Saturday, August 16, 2008

News Roundup: Mandelshtam, Solzhenitsyn, and Rasputin

This week’s Russian news included several items involving writers:

A monument to poet Osip Mandel’shtam will be unveiled in Voronezh on October 2, 2008, opposite the house where Mandel’shtam lived during his 1934-1937 exile.

A fitting 1935 poem from Mandel'shtam's “Voronezh Notebooks”:

“Пусти меня, отдай меня, Воронеж:”

“O, let me go, Voronezh, O return me”

Two news stories mentioned posthumous honors for Aleksandr Solzhenitsyn. “Большая книга” (“Big Book”) will make a special award to Solzhenitsyn for honor and merit (“честь и достойнство”). The award recognizes, among other qualities, the writer’s ability to remain true to himself and his beliefs. In other news, the Moscow street “Большая Коммунистическая” (“Big Communist Street”) will be renamed for Solzhenitsyn.

On to the slightly weird... When I first saw a headline saying that Valentin Rasputin was going to look at Lake Baikal from the “Mir,” I wondered if a journalist had forgotten that the Mir space station came down to earth in, ah, 2001. No!
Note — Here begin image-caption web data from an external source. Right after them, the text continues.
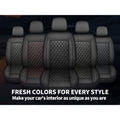 Single Line Chair Cover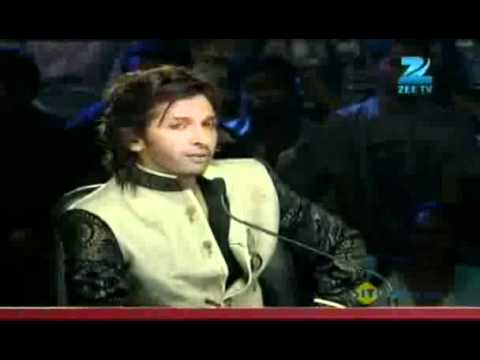 Dance India Dance Season 3 Dec. 25 '11 - Ridhika Singh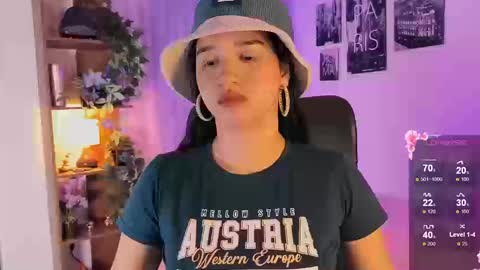 emilyrousex online show from 09/27/25, 02:22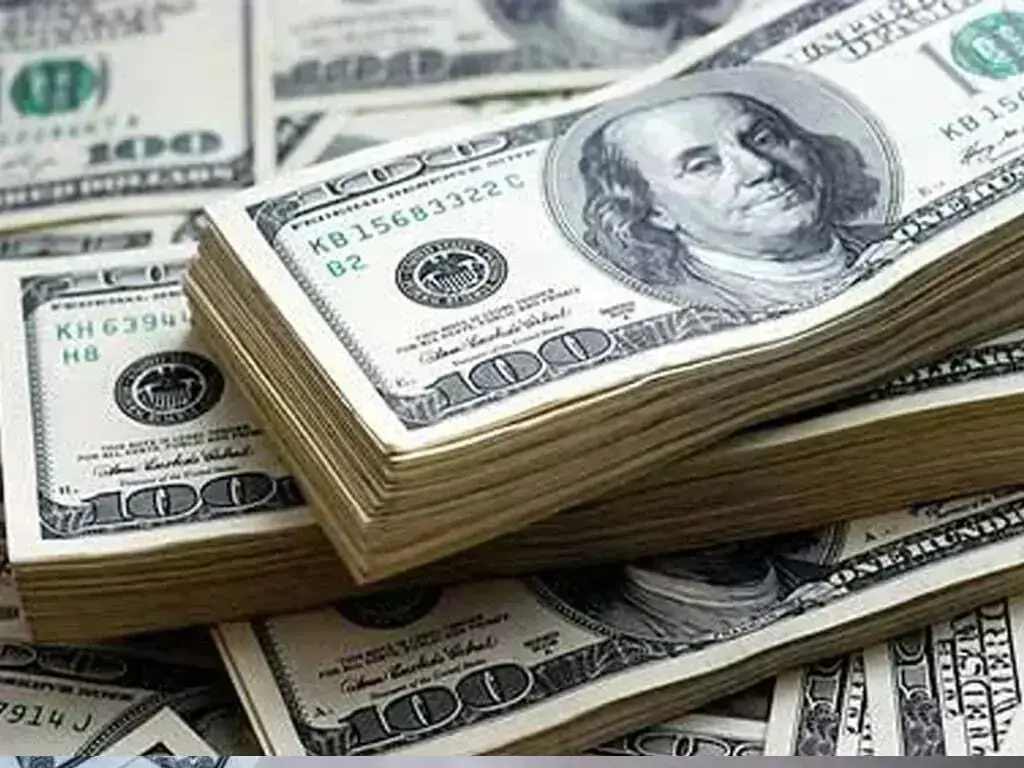 Dollar set for weekly drop ahead of US-Iran peace talks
On Thursday, Rasputin took part in an underwater expedition in a deepwater vehicle that’s also called Mir, which means both “peace” and “world.” Rasputin is known for his activism for protecting Baikal as well as a nationalist bent, which some call “Siberian nationalism.”

One report says Rasputin spent three hours underwater, descending 800 meters. Rasputin told reporters that the underwater world includes beauty, order, friendliness, and a complete absence of aggression. “Yes, the lowest organisms dwell there, but they are somehow higher than us,” he said (my translation).